For each integer $k$, color the three numbers $k p-1, k p, k p+1$ red, and and the six numbers $k p+\frac{p-5}{2}, k p+\frac{p-3}{2}, k p+\frac{p-1}{2}, k p+\frac{p+1}{2}, k p+\frac{p+3}{2}, k p+\frac{p+5}{2}$ blue. Now the integers are colored periodically. In a period of length $p=673$, there are 3 red integers, then 332 uncolored integers, then 6 blue integers and finally 332 uncolored integers.
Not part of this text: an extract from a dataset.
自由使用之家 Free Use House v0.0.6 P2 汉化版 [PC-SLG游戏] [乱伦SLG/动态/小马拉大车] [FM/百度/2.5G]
The sum of the integers in a red interval is $3 k p=2019 \cdot k$, and the sum of the integers in a blue interval is $6\left(k p+\frac{p}{2}\right)=2019 \cdot(2 k+1)$. So if there is a colored interval (we mean a maximal one throughout) in the given $n$ consecutive integers, one can choose it. It is easy to see, that among any $340=332+(6-1)+(3-1)+1$ consecutive integers, there must be a colored interval. Thus the smallest $n$ (that we look for) satisfies $n \leq 340$.
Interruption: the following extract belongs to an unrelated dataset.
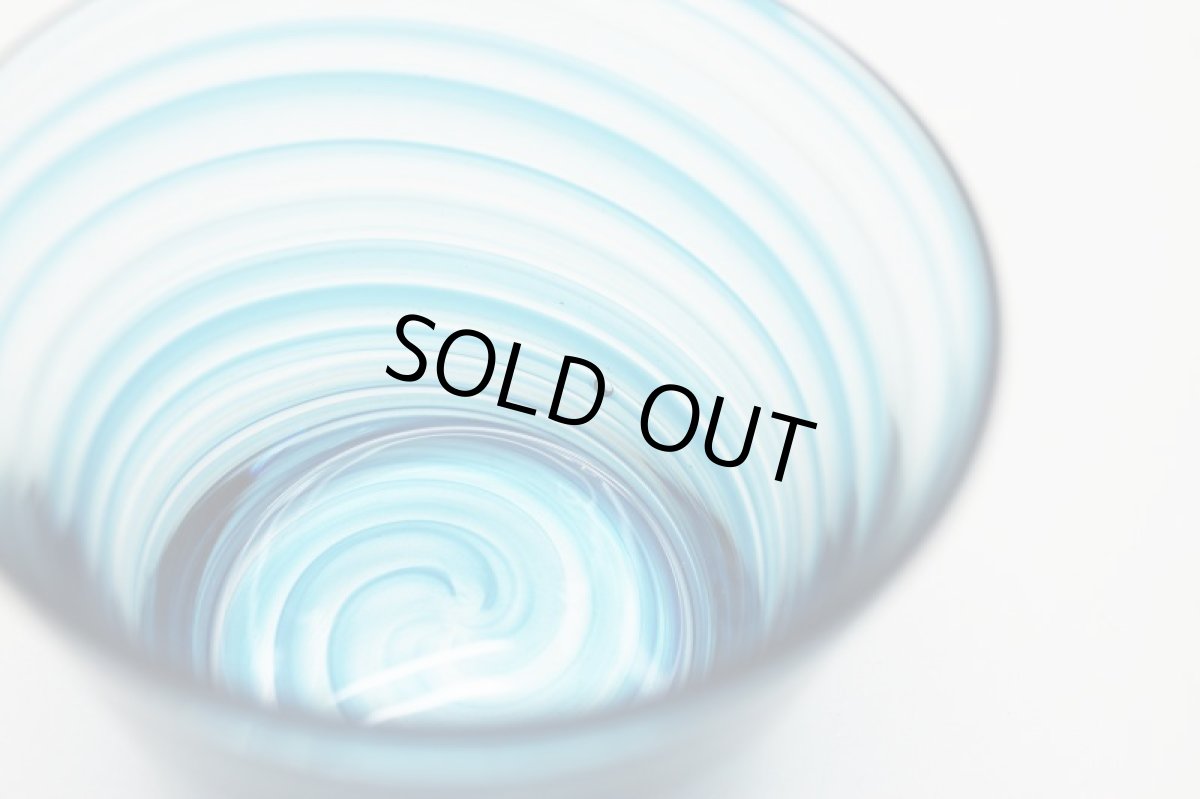 画像5: 富山ガラス　ぐい吞み (5)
Now we will show that it is not possible to choose consecutive integers in the desired way from the set $A=\{335,336, \ldots, 673\} . \quad(|A|=339$ and thus $n \geq 340$.) Assume that there exists $\{a, a+1, \ldots b\} \subseteq A$ such that

$$
2019 \left\lvert\, a+(a+1)+\cdots+b=\frac{(b-a+1)(a+b)}{2}\right.
$$

That means either $673 \mid b-a+1$, or $673 \mid a+b$. Since

$$
0<1 \leq b-a+1 \leq 339<673
$$

673 must divide $a+b$. Taking into account that

$$
671=335+336 \leq a+b \leq 673+673=2 \cdot 673
$$

we conclude that $a+b$ must be 673 or $2 \cdot 673$. It means either $a=335$ and $b=338$, or $a=336$ and $b=337$, or $a=b=673$. But $2019 \nmid 335+336+337+338=1346,2019 \nmid 336+337=673$ and $2019 \nmid 673$, a contradiction.

Comment. The same proof works for every odd number $m=p \cdot q$, where $p$ is a 'big' prime divisor of $m$. We need that $p>\sqrt{3 m}$. Then the answer is $n=\frac{p+3 q}{2}-1$.